Prevalence of Dementia Among the Hearing Impaired
Over the years, significant evidence has been found which suggests that there is a link between hearing loss and cognitive decline. Mild hearing loss is thought to double the probability of dementia occurring, while moderate hearing loss increases the risk three times. The statistic about severe hearing impairment is even more staggering: it is estimated that people impacted by this level of deafness are five times more likely to develop a form of dementia.
While it is quite clear that there is a link between hearing impairment and cognitive decline, the exact reason as to why this is the case is not known. Continuous research into the matter is being conducted by various institutions and different suggestions have been made regarding the connection between deafness and cognitive issues.
What Theories Have Been Proposed?
Increased Cognitive Effort
Hearing loss is thought to increase the cognitive effort required to process speech due to the disrupted sensory input requiring the brain to work harder in order to be able to process sound. It has been hypothesized that the cognitive load increase then leads to changes in brain structure and neurodegeneration.
Atrophy of the Brain
Another factor that could explain the link between the two conditions involves the possibility of brain atrophy occurring because of hearing impairment. The lack of auditory input is thought to result in understimulation of the cells and the brain shrinking as it is no longer required to work in order to process sound.

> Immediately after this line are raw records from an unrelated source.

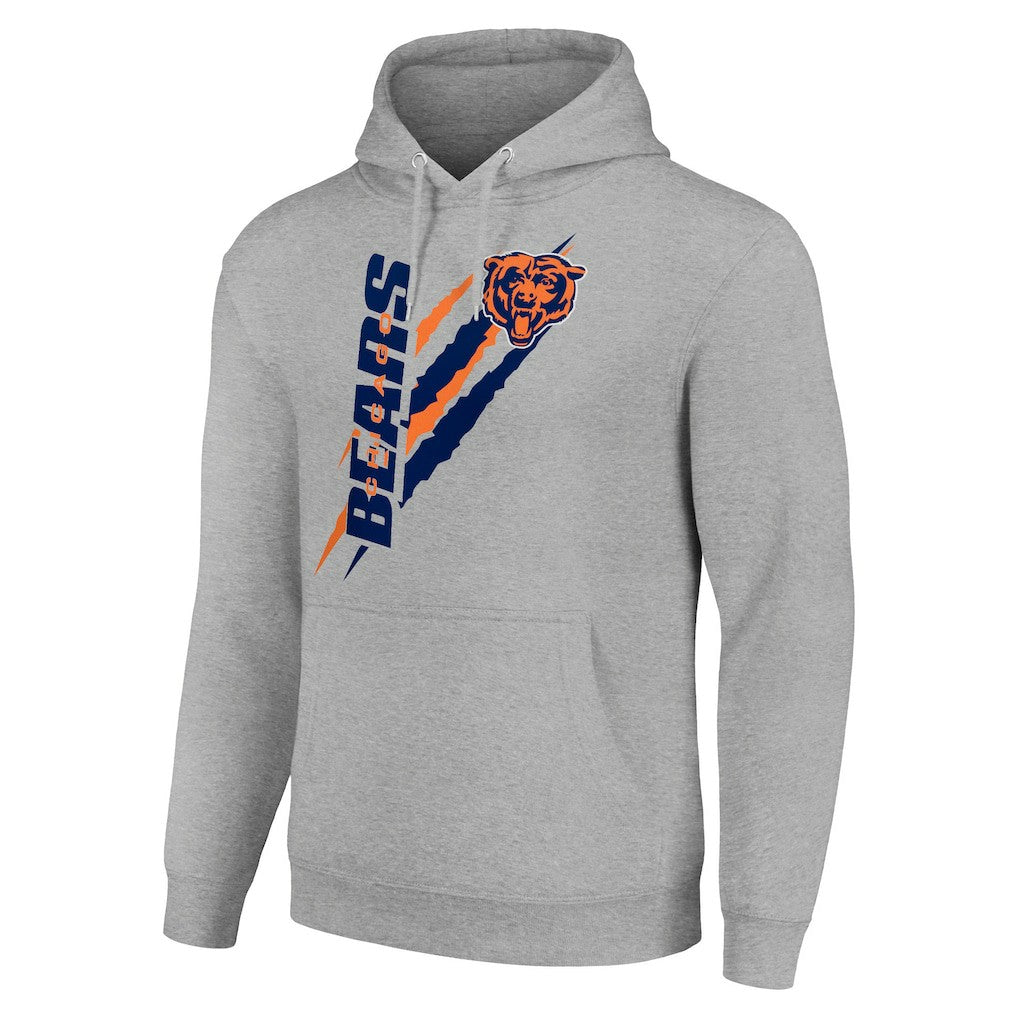 Chicago Bears Starter Unisex Color Scratch Fleece Pullover Hoodie - Heather Gray - NFL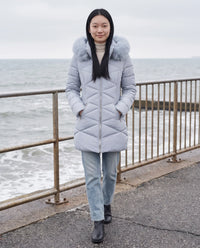 Parka mi-longue cintrée à capuche fourrure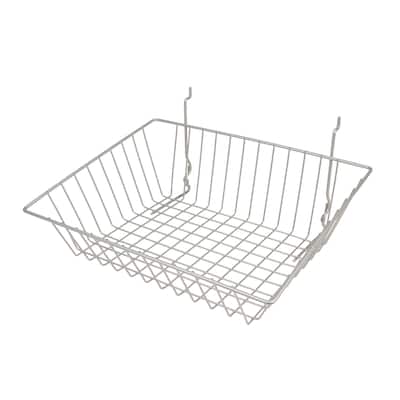 Econoco - BSK16/EC - 15"W x 12"D x 5"H Epoxy Chrome Multi-Fit Sloping Basket for Slatwall, Grid or Pegboard Sold in Pack of 6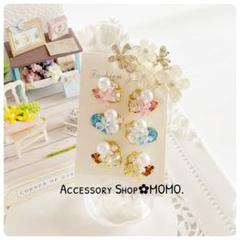 ビジュー♡大粒ストーン.フラワー♡3点セット♡ハンドメイドピアスorイヤリング
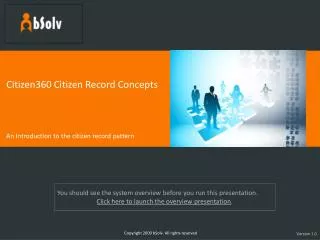 Citizen360 Citizen Record Concepts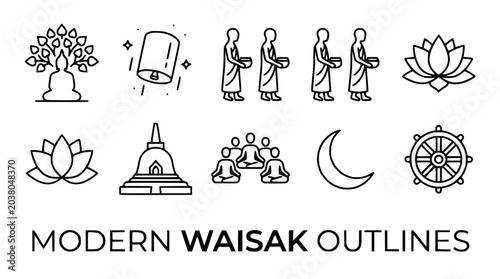 Photos Waisak Symbols Set: Buddha, Lotus, Stupa, Dharma Wheel, Monks, Moon, Lantern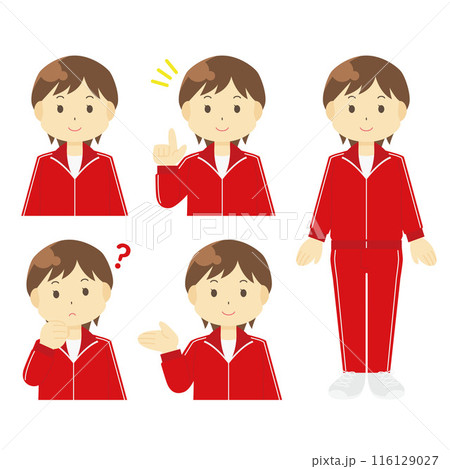 ジャージを着た女性のイラスト 116129027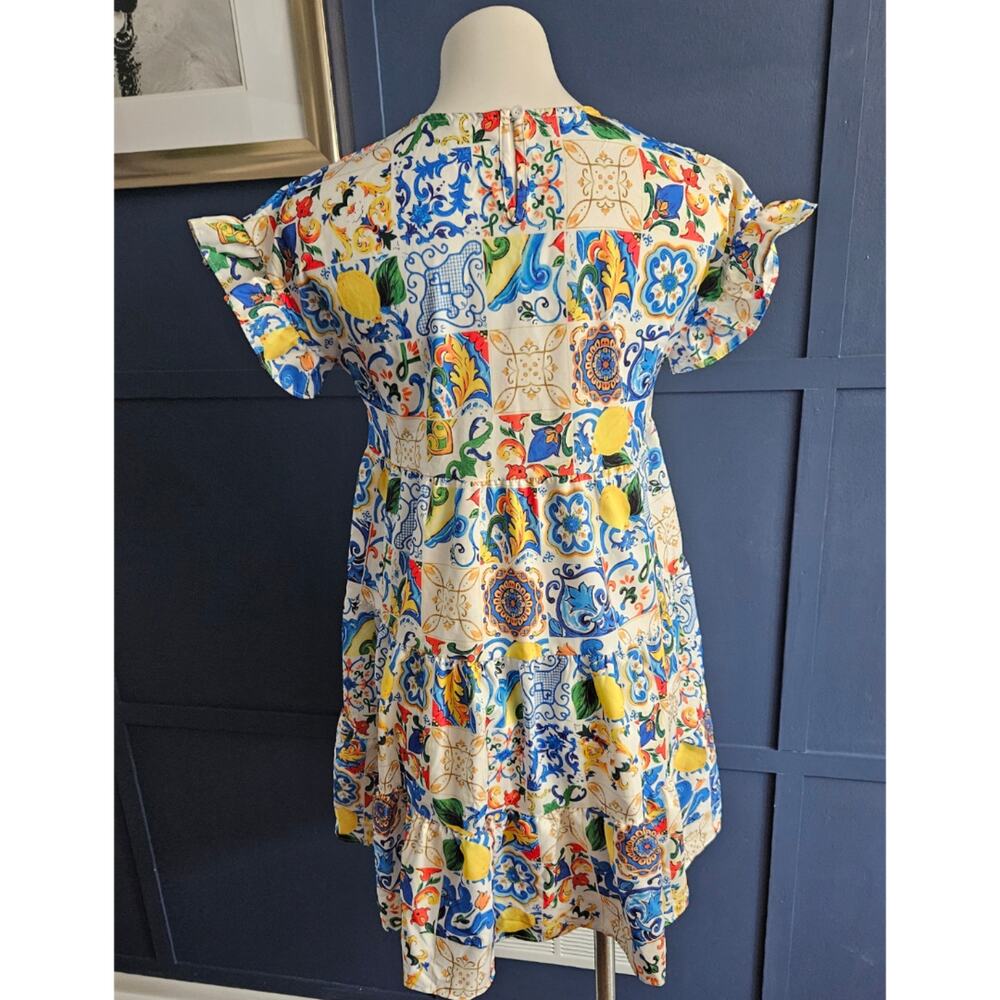 Shein Italian Lemon Tile Print Baby doll Dress Sz small - Picture 2 of 4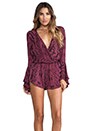 view 1 of 6 Parnell Tulip Sleeve Romper in Ink Garnet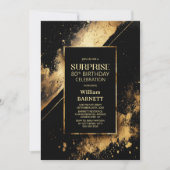 Invitation Black and Gold Surprise 80th Birthday Party (Devant)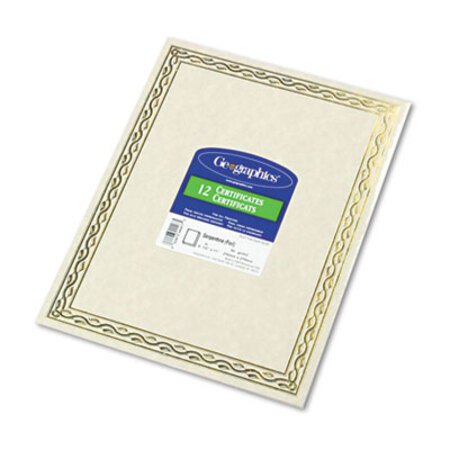 Geographics® Foil Stamped Award Certificates, 8-1/2 x 11, Gold Serpentine Border, 12/Pack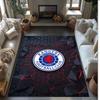 Rangers FC Soccer Football Pattern Soft Area Rug Non Slip Indoor Floor Carpet Sports Decor Mat for Bedroom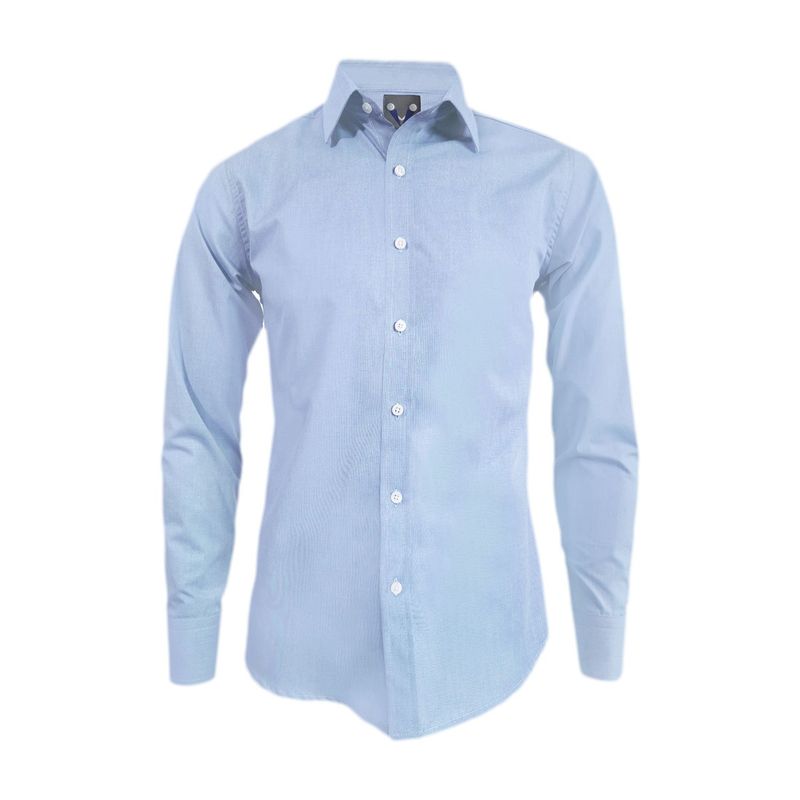 SON DOS - Camisa azul claro en algodón manga larga slim para hombre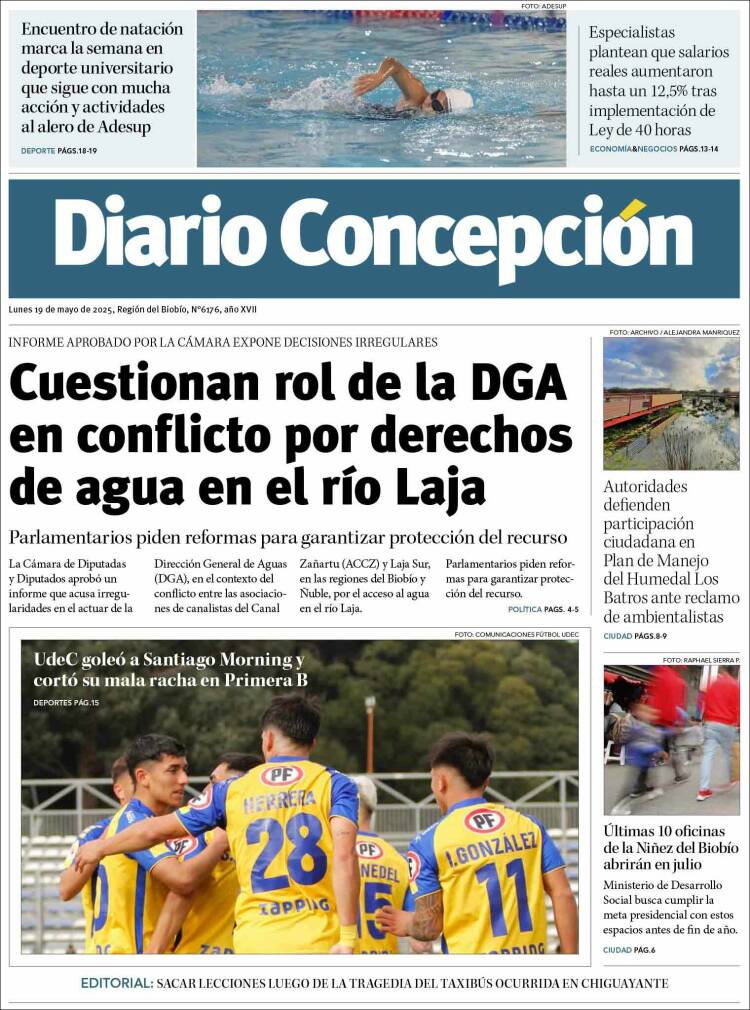 Portada de Diario de Concepción (Chili)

Hearing Loss: A Harbinger of Dementia
There has been evidence suggesting that hearing loss could be a precursor to Alzheimer dementia. As central auditory processing is vulnerable to neural degeneration, its deterioration may be among the earliest signs of cognitive impairment onset.
Abnormal Proteins in the Temporal Lobe
The recent work of a research team from Newcastle University has suggested that a key aspect of the relationship between dementia and hearing loss is related to the memory centres positioned inside the temporal lobe. As this part of the brain is responsible for both long-term memory and manipulation of auditory information, it is being considered that changes that occur in the brain as a result of hearing loss might cause the presence of abnormal proteins that can trigger Alzheimer’s disease.
Lack of Social Engagement
Hearing loss often causes social withdrawal in impacted individuals due to the hardships that they face when partaking in conversations, especially when a lot of background noise is present. The reduction of social and cognitive stimulation can have significant negative effects on mental health, leading to conditions such as depression and anxiety. It is believed that this process might lead to deterioration of auditory signal processing.
Impact and Prevention
Treating the hearing impairment at its early stages is considered to be a key aspect of dementia prevention. Research is currently being conducted into the usage of hearing aids and how it can help preserve cognitive health and reduce the risk of dementia occurring.
Remaining socially engaged is also thought to promote cognitive health and delay the onset of dementia. There are various ways for the hearing impaired to stay socially active. Using various assistive listening devices along with appropriate hearing aids can be a great step in that direction. Such pieces of technology can majorly improve individuals on the deafness spectrum’s listening experience in various environments and situations, thus completely transforming the way in which those with hearing loss interact with the world.